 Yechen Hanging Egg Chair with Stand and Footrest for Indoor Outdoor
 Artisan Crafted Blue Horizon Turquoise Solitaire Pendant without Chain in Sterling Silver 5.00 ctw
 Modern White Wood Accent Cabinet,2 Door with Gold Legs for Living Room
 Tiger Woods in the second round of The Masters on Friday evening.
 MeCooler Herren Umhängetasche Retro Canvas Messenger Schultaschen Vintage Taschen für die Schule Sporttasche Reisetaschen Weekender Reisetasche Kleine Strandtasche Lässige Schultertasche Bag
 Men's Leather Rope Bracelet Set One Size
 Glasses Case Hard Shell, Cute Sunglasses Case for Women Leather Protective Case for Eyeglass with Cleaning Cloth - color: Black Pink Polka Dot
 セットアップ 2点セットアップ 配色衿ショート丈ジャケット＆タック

....

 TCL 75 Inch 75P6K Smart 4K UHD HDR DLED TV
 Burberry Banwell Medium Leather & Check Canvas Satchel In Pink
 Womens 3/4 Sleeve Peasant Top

....

▶ _Exercise goal_:
Begin at the line that has "Tiger Woods in" in the entries above; stop after the line that has "セットアップ 2点セットアップ 配色衿ショート丈ジャケット＆タック". Transcribe exactly those lines and no others.

▶ _Exercise result_:
 Tiger Woods in the second round of The Masters on Friday evening.
 MeCooler Herren Umhängetasche Retro Canvas Messenger Schultaschen Vintage Taschen für die Schule Sporttasche Reisetaschen Weekender Reisetasche Kleine Strandtasche Lässige Schultertasche Bag
 Men's Leather Rope Bracelet Set One Size
 Glasses Case Hard Shell, Cute Sunglasses Case for Women Leather Protective Case for Eyeglass with Cleaning Cloth - color: Black Pink Polka Dot
 セットアップ 2点セットアップ 配色衿ショート丈ジャケット＆タック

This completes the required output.